The `MRTAnalysis` package provides user-friendly functions to conduct primary and secondary analyses for micro-randomized trial (MRT), where the proximal outcomes are continuous or binary and the intervention option is binary. For continuous outcomes, the estimated causal effects are on the additive scale. For binary outcomes, the estimated causal effects are on the log relative risk scale. In particular, this package can be used to

- estimate the marginal causal excursion effect
- estimate the moderated causal excursion effect, i.e., the effect modification by time-fixed or time-varying covariates.

MRT is an experimental design for optimizing mobile health interventions. The marginal and the moderated causal excursion effects are the quantities of interest in primary and secondary analyses for MRT. In this tutorial we briefly review MRT and causal excursion effects, and illustrate the use of the estimators implemented in this package for conducting primary and secondary analyses of MRT: `wcls()` (weighted and centered least squares, for MRT with continuous outcomes) and `emee()` (estimator for marginal excursion effect, for MRT with binary outcome).


# Data Structure of an MRT

In an MRT, each participant is repeatedly randomized among treatment options many times throughout the trial. Suppose there are $n$ participants, and for the $i$-th participant, they are enrolled in the trial for $m_i$ decision points. (In many MRT, the number of decision points $m_i$ is the same for all participants.
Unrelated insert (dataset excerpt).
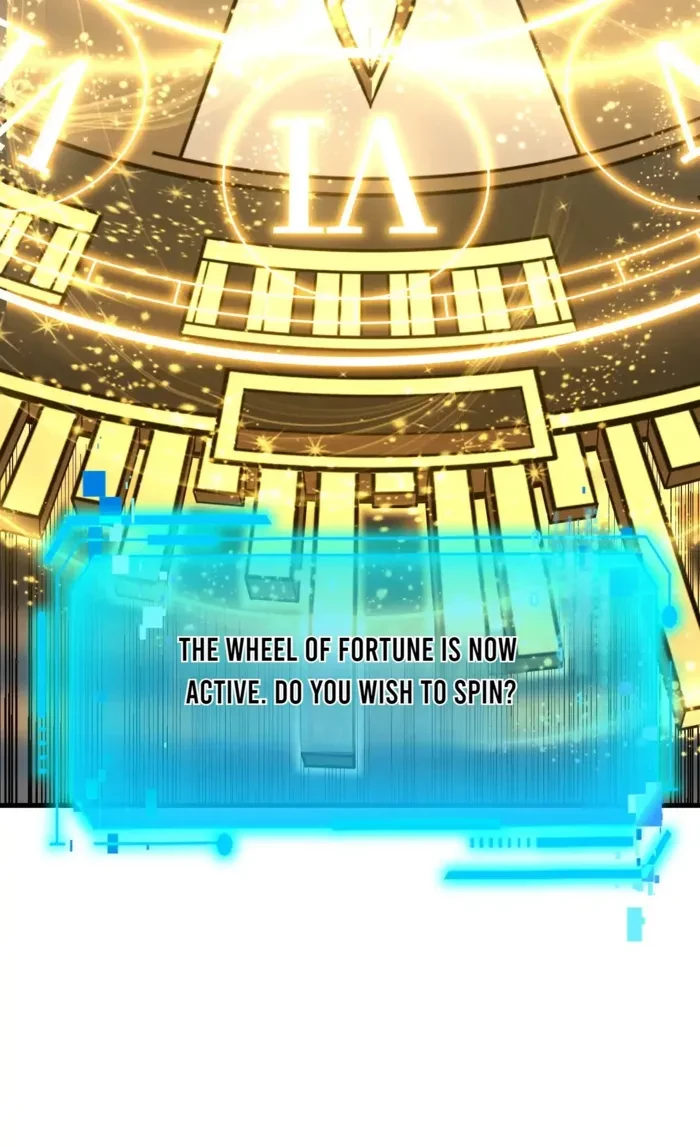 The Lord of the Wheel of Destiny Chap 165 - Next Chap 166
This package also automatically handles the setting where $m_i$ is different for different participants, so we present the data structure in a more general way.)
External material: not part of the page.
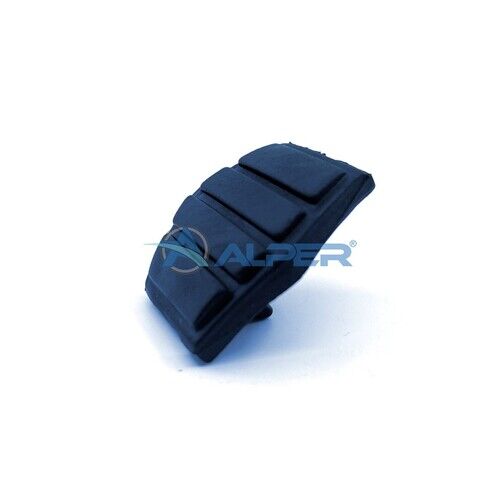 PEDAL LASTİĞİ DEBRİYAJ R.9-R.11-R.19-CLİO I-EXPRESS-TWİNGO | OEM:-7700428657-7702260801-7700680836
For the $i$-th participant at the $t$-th decision point, we use the triplet $(X_{it}, A_{it}, Y_{it})$ to denote the data collected, where

- $X_{it}$ denotes the (vector of) time-varying covariates.
- $A_{it}$ denotes the binary treatment assignment; $A_{it} = 1$ if randomized to intervention, $A_{it} = 0$ if randomized to no intervention.
  - $A_{it}$ is randomized with success probability $p_{it}$. For many MRTs the $p_{it}$ is a constant throughout the trial for all participants (e.g., $p_{it} = 0.6$), but for some MRTs $p_{it}$ may depend on the past observations of the participant and thus is different for different $(i,t)$ combinations. This packages handles both situations.
- $Y_{it}$ denotes the proximal outcome (continuous or binary) following $A_{it}$.
  - In some literature, the proximal outcome following $A_{it}$ is written as $Y_{i,t+1}$. We use $Y_{it}$ here because this aligns with the `data.frame` input: each row in the `data.frame` would correspond to $(X_{it}, A_{it}, Y_{it})$ (and possibly other variables --- see below) for a specific $(i,t)$ combination.


## Availability

An MRT may include availability considerations. When it is inappropriate or unethical to deliver interventions to an individual, that individual is considered "unavailable", and no intervention will be delivered at that decision point so $A_{it} = 0$.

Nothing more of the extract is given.